Following his plea of guilty before the court appellant was convicted of the second degree felony offense of possession of marihuana in a quantity of 50 pounds or less but more than 5 pounds. Article 4476-15, § 4.051(b)(4), V.A.C.S. His punishment was assessed at ten years, probated, and a fine of $5,000.00. Along the way the trial court overruled appellant's motion to suppress the marihuana, which appellant contended was discovered as a result of his illegal arrest and the subsequent warrantless search of his house.

On appeal to the Fourteenth Court of Appeals appellant argued that the arresting officers lacked probable cause either to arrest him or to search his house, that his arrest was unlawful in that it failed to meet any of the exceptions to warrantless arrest enumerated in Chapter 14, V.A.C.C.P., and that any consent to the warrantless search of his house was obtained through an exploitation of his illegal arrest, and hence inadmissible under Article 38.23, V.A.C.C.P. The court of appeals affirmed the conviction in an unpublished opinion. Brick v. State, No. B14-84-871CR (Tex.App.--Houston [14th], delivered December 26, 1985). Finding simply that the consent which had given rise to the warrantless search of his house had been given "voluntarily" by appellant following his arrest, the court of appeals declined to address the legality of that arrest, either from the standpoint of whether the arresting officers had probable cause to effect it, or of whether they reasonably believed appellant was "about to escape," Article 14.04, V.A.C.C.P., such that an arrest warrant was not required. In his petition for discretionary review appellant assails the failure of the court of appeals to address the legality of his arrest, contending that the arrest was in fact unlawful, and that this initial illegality fatally tainted his consent to search the house. We granted appellant's petition to examine this contention. Tex.R.App.Pro., Rule 200(c)(3) and (6).

I.

The facts of the case, viewed in the light most favorable to the trial court's disposition of the motion to suppress, are fairly straightforward. Sometime during or prior to the evening of May 7th, 1984, Officer W.L. Kendrick of the narcotics division of the Houston Police Department received information from a confidential informant that the residents of 9619 Orangevale--appellant and two roommates whose names the informant did not know--were harboring "some cocaine" in their home. The informant, who had supplied correct information on two prior occasions, described the exterior composition of the house and its interior layout, and predicted that a maroon Corvette bearing a certain license plate number would be found there. This car, he said, belonged to appellant. At about 7:00 p.m. Kendrick and Officers Duke and Eslab proceeded to the address given and found a house matching the informant's exterior description and a maroon Corvette bearing the foretold license plate number. The car was found to be registered in appellant's name. On the basis of this corroboration Kendrick returned to the station "to type the search warrant."
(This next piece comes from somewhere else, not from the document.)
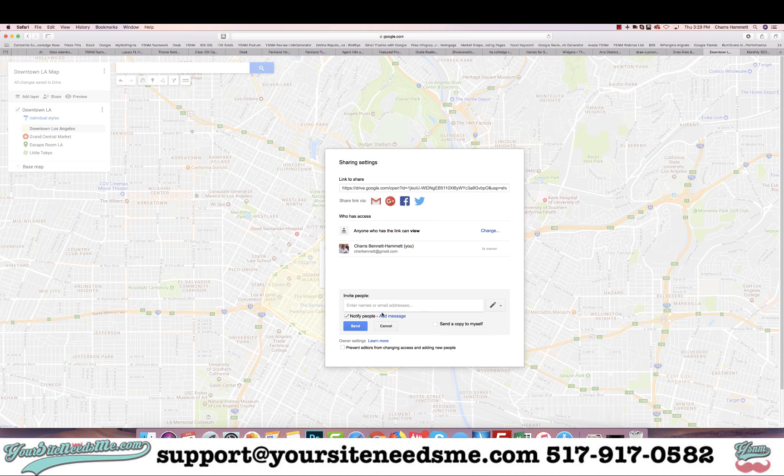You can also send it to people by putting their email addresses in and hitting send. That's it — hopefully you enjoyed this tutorial. If you have any questions, feel free to drop us an email at support@yoursiteneedsme.com. Have a great day!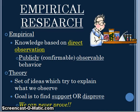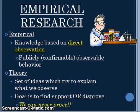Empirical research is psychological research, and it is based on direct observation — we have to be able to directly or overtly observe the behavior, and it must be confirmable. We can do this not just with things you can see on the outside, but we can look at certain hormones and see their effects on observable behaviors. For the empirical research, we want to develop a theory. Theories are sets of ideas that try to explain what we observe. The goal is to support or disprove — we can never prove. Please understand that we can never prove anything in psychology; we can just support our theory.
Between 8:00 and 9:00 p.m. the informant again contacted Kendrick and told him appellant "was going to leave the residence and probably not return for a day or two." Shortly thereafter Eslab and Duke, maintaining surveillance on the house, informed Kendrick that a person "believed to be" appellant was getting into the Corvette with a woman. Kendrick had "finished the warrant" by this time, but had not heard from the District Attorney's office as to what judge was on call to sign it. He advised Eslab and Duke to arrest appellant.

Eslab and Duke followed appellant and his companion to a nearby convenience store and arrested them both as they came out. Appellant was immediately handcuffed, after which Duke informed him that the officers "were in the process of having a narcotics warrant drawn up for his residence." Appellant indicated "he would cooperate in any way[,]" and he agreed to sign a consent form. 1 Still waiting for the District Attorney's office to call, Kendrick was notified of this turn of events. Consequently he "disregarded the search warrant" and drove out to the convenience store. Upon Kendrick's arrival, appellant was given a consent form which he read and indicated he understood. He was then uncuffed long enough to sign and date it. 2 Subsequently appellant's house was searched. Approximately ten pounds of marihuana, three and a half grams of cocaine and $26,000.00 in cash were found in his bedroom.

At the pretrial hearing on the motion to suppress appellant virtually conceded that consent was given voluntarily. During the prosecutor's redirect examination of Kendrick, defense counsel interjected:

"... [the consent form] was voluntarily signed by [appellant]. My dispute will be with the legality of the arrest."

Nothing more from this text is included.